The Ministerial Council met to address a handful of southern basin sustainable diversion limits projects - located in NSW and Victoria - that are not expected to meet the plan's 2024 water recovery deadline.

NSW and Victoria have both vocally declared their water efficient projects would not be ready in time.

The ministers agreed to allow the under-pressure projects to be re-examined and put forward with alterations.

NSW Water Minister Melinda Pavey labelled the agreement an "historical day" in the basin's history, and promised to rescope the two SDL projects that had stalled - Yanco Creek and Menindee Lakes - within 2 months

"We have been unable to move on these projects for almost a decade," Mrs Pavey said.

"Communities at Yanco and Menindee have been loud and clear that the projects need to be flexible."

However, Victoria was less than thrilled by the decision and wants the 2024 deadline extended or the laws changed to rule out water buybacks.

Victoria has acknowledged three of its SDL projects need significant community input, consultation and co-design, and could not be delivered in a cooperative way with communities by 2024.

Victorian Acting Water Minister Richard Wynne said the Commonwealth was once again "failing to deliver confidence and certainty for communities".

"Victoria will continue to work to meet its obligations under the Plan, but we won't ride roughshod over communities to deliver projects that need proper consultation and community co-design," Mr Wynne said.

"As the Productivity Commission found, there should be flexibility around these projects so they can be delivered for the benefit of the environment."

Water Minister Keith Pitt has promised there would be no more water buybacks under his government.

However, despite the promise, under the current legislation, water buybacks remain a possibility if the 2024 deadline is not met.
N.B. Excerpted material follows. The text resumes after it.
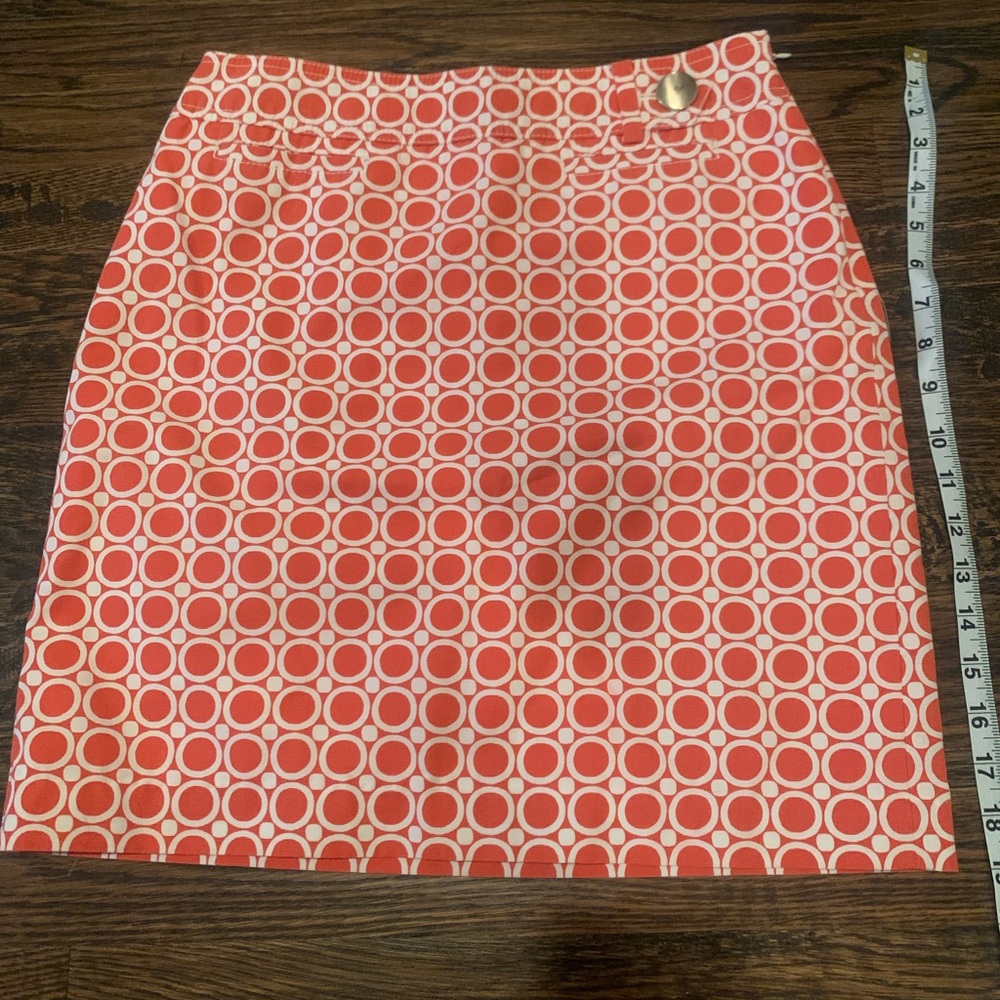 Ann Taylor Petite orange/cream skirt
So far, Mr Pitt has made no attempt to change the legislation to enshrine his promise in law.

"I am on the record that there will be no more buybacks, I can't be clearer than that," Mr Pitt said.
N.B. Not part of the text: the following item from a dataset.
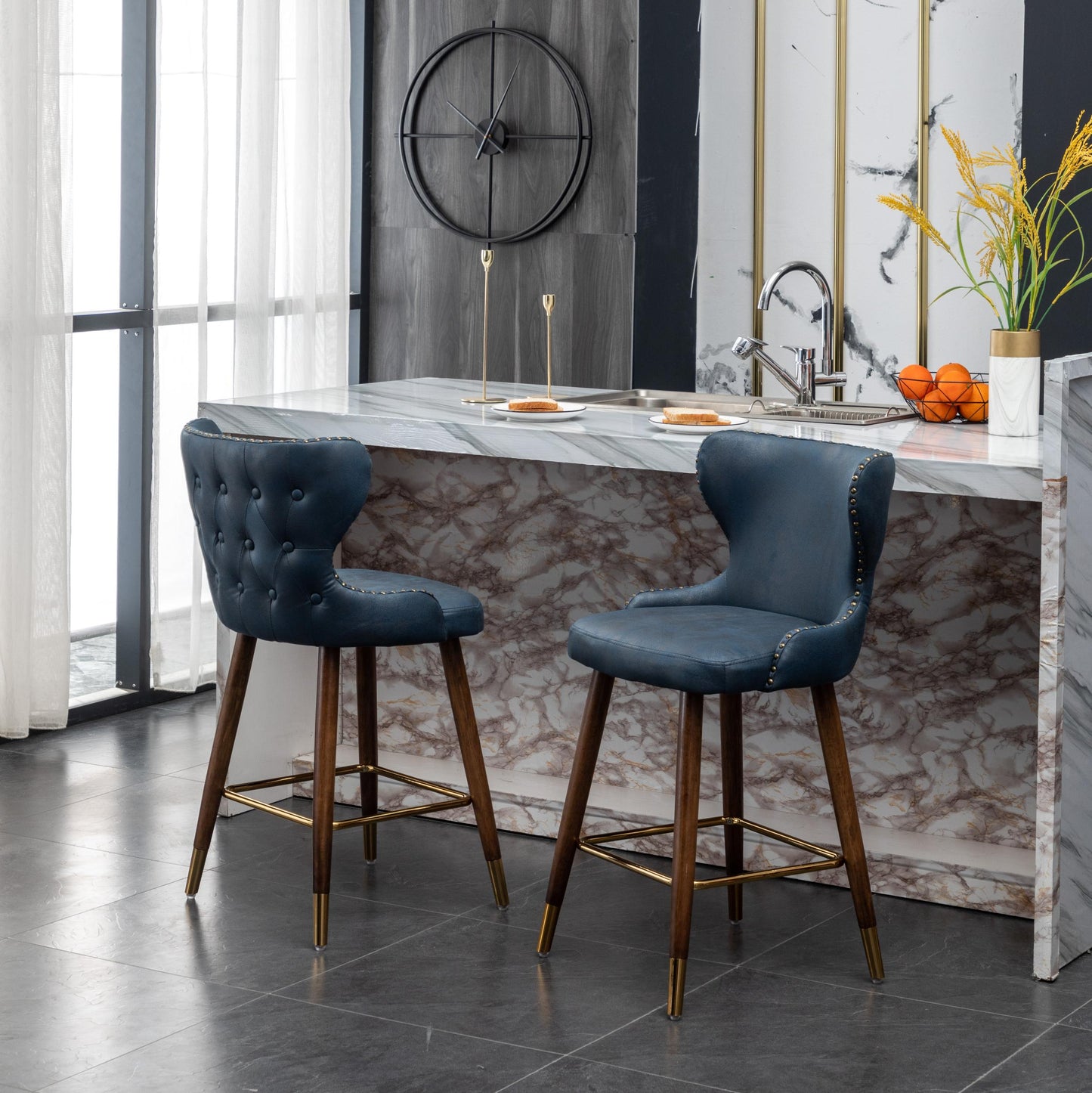 Nevis Mid-century Modern Faux Leather Tufted Nailhead Trim Counter Stool (Set Of 2)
"We agreed our efforts and focus must be to maximise the outcomes from the package of measures within the existing legislative framework.

"We need to remain flexible in our approach and look for innovative initiatives to assist with mitigating risk and get on with the task in front of us."

Queensland and South Australia were satisfied with the outcome of the MinCo meeting, which primarily dealt with southern basin issues.

Queensland Water Minister Glenn Butcher applauded the council's decision to publicly report on the progress of SDL, which would improve the often cited lack of transparency that plagues the MDBP.

SA Water Minister David Speirs said with the basin states reaffirming their commitments to deliver the MDBP, than had been more action in recent months than ever before to deliver the plan in full, including environmental water.

"I have made it clear that I believe the 450GL can and should be delivered via efficiency projects, however, buybacks would be needed as a last resort," Mr Speirs said.